Les pays baltes, seuls, furent peu affectés par ces changements en raison de leur éloignement du front principal.
En novembre 1918, l'administration polonaise prit possession des voies ferrées situées dans l'ancien Royaume de Pologne et chargea l'armée du soin d'administrer le réseau des confins orientaux. En effet, la situation de ces territoires était encore incertaine et il fallut attendre mars 1921, à l'issue de la guerre polono-soviétique, pour voir fixée la frontière entre les deux pays (4).

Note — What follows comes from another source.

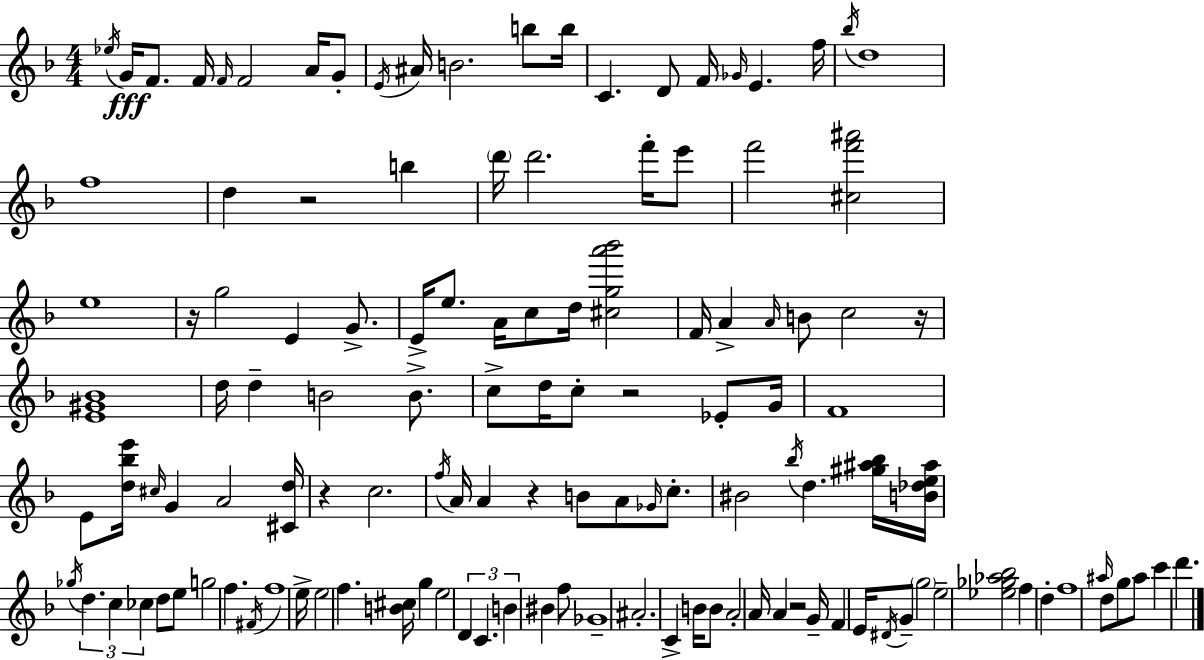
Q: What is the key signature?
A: D minor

(4) Lors de l'avance de l'Armée Rouge en 1920, les Polonais évacuèrent 220 locomotives et 7 500 wagons à voie large que les Allemands avaient stockés en Biélorussie.
Parmi les avenants du traité de paix de Riga, figurait la remise à la Pologne du matériel ayant circulé sur les territoires de Biélorussie, matériel dont la Pologne devenait propriétaire.
Ainsi, de 1921 à 1923, les Soviétiques livrèrent aux chemins de fer polonais, 271 locomotives, 700 voitures et 14 828 wagons à voie large.
Les ateliers polonais ne pouvant réaliser à eux seuls les travaux d'adaptation de tout ce matériel, ce furent les établissement de Vienne-Florisdorf qui remanièrent notamment 94 locomotives type 040 (ex Ow russes devenues Tp 104 des PKP).
Jusqu'en 1925 les chemins de fer polonais adaptèrent à la voie normale environ 500 locomotives, soit moins du tiers du parc existant avant 1914.
Une grande partie de ces engins de traction récupérés fut d'ailleurs rayée des effectifs des PKP avant 1939.
En 1926, seules 146 locomotives ex-russes de huit types différents (principalement des 040) figuraient à l'inventaire des PKP.
Toujours en 1926» sur les huit lignes traversant la nouvelle frontière polono-soviétique, seules deux étaient équipées de chantiers de changements d'essieux : Stplpce et Woloczyska.
Deux autres lignes étaient fermées et les quatre dernières réservées au trafic local.
1920 : la Lithuanie se convertit à la voie normale
Dans les pays baltes où le maintien de la voie russe était général, seule la Lithuanie adopta la voie normale. En 1939, ce pays comptera 1183 kilomètres de lignes à voie normale. En 1929, un échange de matériel s'effectua avec la Lettonie, portant sur 24 locomotives.
Pendant l'entre-deux guerres les pays baltes achetèrent des locomotives en Allemagne, en Pologne ou en Tchécoslovaquie. Ainsi, curieusement, la Pologne, qui avait désormais un réseau principal entièrement à voie normale, construisit des locos-tenders type 131 (immatriculées Ct 123 à 125) à voie large pour la Lettonie, alors qu'elle n'eut aucune relation ferroviaire avec la Lithuanie (au réseau à voie normale) pour les raisons de différents territoriaux et cela de 1921 à 1938.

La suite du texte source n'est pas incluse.